Note that recv and &recv[0] are the same - they are both pointers to the start of the array.

If you were to increment recv then recv[0] would actually be pointing to recv[1], which would be very bad.

FredCailloux

Tue, 09 Feb 2016 21:51:52 +0000

Thanks for the cppreference.com - it appears to be very well presented. I sure will bookmark this site. You sure did clarified a few concepts here but you also got me confused. There is something here that appear to me as contradictory. Can you please clarify. First you mention that

*recv++  // is equivalent to 
*(recv++)

Fine, I can see that from the precedence table. Then you indicate that the ++ is post-increment, hence, the line

*recv++ = spiCon.transfer(ledSt);   //  would be equivalent to 
*recv = spiCon.transfer(ledSt);     
recv++;

So, my confusion is if recv++ as precedence doesn't it mean that it will be incremented Before the dereference* operator ? If so, the final result would be that recv[1] would take the function value, not recv[0] What am I missing ?

majenko

Tue, 09 Feb 2016 23:13:13 +0000

What you're missing is that the "post" doesn't apply to the single operator, but to the whole of the assignment.

If it were:

*++foo = blahblah;

then foo would be incremented before the assignment, not after.

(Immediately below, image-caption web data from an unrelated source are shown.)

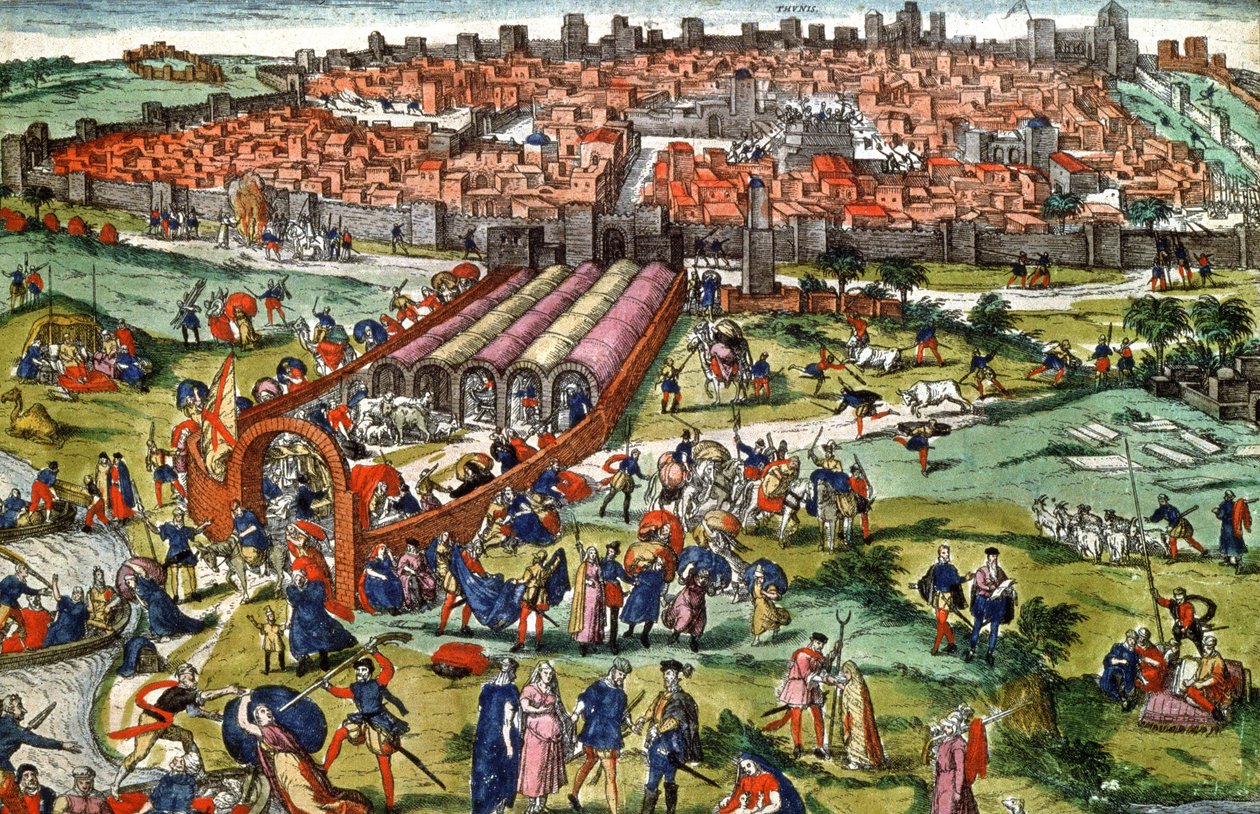 Capture de Tunis par Charles V - Franz Hogenberg
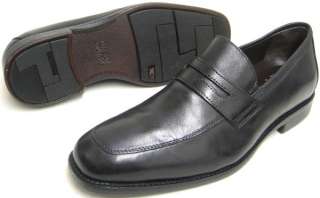 Johnston Murphy Mens Dress Shoes Black Leather Suffolk Penny Loafers 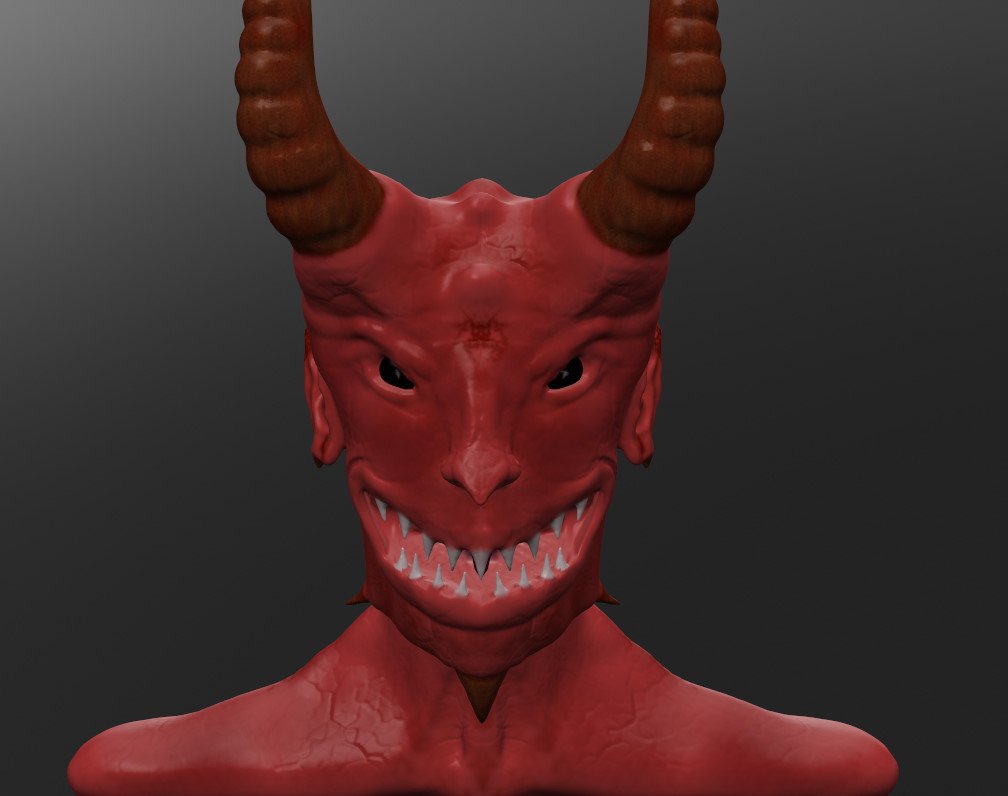 Smile Devil Head 3d Model In Monster 3dexport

For instance, this little bit of code (for a PC not a chipKIT):

#include <stdio.h>

int foo[10] = {0, 1, 2, 3, 4, 5, 6, 7, 8, 9};

int main() {
    int i;
    int *foo2 = foo;
    *foo2++ = 23;

    for (i = 0; i < 10; i++) {
        printf("%d: %d\n", i, foo[i]);
    }
}

results in:

0: 23
1: 1
2: 2
3: 3
4: 4
5: 5
6: 6
7: 7
8: 8
9: 9

As you can see the assignment happened before the increment. Similarly this bit of code:

#include <stdio.h>

int main() {
    int foo = 0;
    int bar = foo++;
    printf("foo = %d bar = %d\n", foo, bar);
    return 0;
}

results in:

foo = 1 bar = 0

because the increment of foo happens post the assignment of its value to bar.

FredCailloux

Wed, 10 Feb 2016 16:13:00 +0000

I got it! I must admit, pointer stuff is not very "Reader Friendly" but hey! who am I to comment 33 years of C++ refinements. Thanks a lot Majenko. By the way, is there something you don't know about C++ programming ? :) Joke :)

majenko

Wed, 10 Feb 2016 17:10:23 +0000

I don't know, but I do know there are things that I don't know about C++ programming ;)

Have you ever looked at C++ templates? They're "fun"! ;)